Records excerpted from a collection

============================================================

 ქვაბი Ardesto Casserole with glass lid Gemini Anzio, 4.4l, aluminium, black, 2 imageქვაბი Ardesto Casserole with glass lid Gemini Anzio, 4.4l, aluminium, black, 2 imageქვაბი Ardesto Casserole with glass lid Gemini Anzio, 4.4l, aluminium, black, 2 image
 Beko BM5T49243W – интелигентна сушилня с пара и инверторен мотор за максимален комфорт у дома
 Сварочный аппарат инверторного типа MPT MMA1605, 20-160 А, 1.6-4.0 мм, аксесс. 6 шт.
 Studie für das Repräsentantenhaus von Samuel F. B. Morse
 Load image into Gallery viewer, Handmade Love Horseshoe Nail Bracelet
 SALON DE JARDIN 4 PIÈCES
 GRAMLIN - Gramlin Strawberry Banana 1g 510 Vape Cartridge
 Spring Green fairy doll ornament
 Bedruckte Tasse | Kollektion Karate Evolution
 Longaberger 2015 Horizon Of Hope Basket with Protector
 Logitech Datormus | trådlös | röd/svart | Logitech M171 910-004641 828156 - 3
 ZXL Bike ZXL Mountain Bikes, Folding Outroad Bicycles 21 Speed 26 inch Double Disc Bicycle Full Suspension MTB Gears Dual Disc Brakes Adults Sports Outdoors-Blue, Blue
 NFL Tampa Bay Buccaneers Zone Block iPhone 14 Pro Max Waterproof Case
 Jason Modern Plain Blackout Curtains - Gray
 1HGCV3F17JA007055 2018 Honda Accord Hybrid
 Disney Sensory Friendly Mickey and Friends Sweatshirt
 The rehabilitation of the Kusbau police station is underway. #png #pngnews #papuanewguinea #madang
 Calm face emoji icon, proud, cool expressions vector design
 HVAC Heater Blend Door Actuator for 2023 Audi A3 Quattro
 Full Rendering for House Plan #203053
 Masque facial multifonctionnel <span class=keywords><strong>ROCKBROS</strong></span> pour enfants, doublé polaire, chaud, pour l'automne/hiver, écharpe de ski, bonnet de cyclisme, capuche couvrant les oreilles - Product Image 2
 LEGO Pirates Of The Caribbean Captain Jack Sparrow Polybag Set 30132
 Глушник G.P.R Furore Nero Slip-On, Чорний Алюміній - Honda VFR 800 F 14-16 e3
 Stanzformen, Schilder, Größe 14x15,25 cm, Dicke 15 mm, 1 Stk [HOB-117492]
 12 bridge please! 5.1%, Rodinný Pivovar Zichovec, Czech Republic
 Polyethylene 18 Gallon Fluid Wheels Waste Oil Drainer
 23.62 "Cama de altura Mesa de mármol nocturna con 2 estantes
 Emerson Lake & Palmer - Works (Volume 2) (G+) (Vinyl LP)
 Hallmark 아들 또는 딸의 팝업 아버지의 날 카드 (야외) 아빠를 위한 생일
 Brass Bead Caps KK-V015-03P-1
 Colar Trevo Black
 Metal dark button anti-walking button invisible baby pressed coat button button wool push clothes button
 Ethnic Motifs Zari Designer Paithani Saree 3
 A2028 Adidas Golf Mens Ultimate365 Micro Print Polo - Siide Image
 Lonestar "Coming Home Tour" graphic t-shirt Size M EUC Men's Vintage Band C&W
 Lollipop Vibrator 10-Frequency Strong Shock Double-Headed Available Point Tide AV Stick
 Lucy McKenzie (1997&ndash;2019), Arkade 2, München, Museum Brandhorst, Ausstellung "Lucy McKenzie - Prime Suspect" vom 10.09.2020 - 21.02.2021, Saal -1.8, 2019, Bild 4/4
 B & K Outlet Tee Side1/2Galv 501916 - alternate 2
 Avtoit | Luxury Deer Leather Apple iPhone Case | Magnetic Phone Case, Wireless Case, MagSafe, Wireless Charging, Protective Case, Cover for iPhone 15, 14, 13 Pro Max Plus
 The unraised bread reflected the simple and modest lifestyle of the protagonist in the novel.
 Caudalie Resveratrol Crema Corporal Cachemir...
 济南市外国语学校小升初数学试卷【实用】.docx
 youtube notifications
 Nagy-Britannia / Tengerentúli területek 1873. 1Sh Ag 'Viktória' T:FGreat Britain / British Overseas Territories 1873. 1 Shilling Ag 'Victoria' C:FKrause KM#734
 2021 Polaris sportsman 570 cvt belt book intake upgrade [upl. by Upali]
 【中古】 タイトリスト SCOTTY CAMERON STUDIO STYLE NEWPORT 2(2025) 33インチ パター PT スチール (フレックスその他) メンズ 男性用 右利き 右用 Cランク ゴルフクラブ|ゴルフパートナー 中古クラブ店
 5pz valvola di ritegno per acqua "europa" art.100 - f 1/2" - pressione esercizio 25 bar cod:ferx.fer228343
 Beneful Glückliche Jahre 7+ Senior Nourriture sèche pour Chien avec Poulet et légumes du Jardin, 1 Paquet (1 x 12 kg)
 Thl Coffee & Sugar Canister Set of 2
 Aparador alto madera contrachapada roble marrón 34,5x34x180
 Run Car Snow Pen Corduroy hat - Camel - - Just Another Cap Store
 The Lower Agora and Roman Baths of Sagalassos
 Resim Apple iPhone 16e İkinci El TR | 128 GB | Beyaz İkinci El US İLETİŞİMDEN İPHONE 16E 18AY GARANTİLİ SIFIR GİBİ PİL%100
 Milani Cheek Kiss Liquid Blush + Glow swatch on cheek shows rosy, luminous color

============================================================

• What you need to do: Indicate how many lines in the records above contain the word "with", giving only the number.

• Answer to this task: 2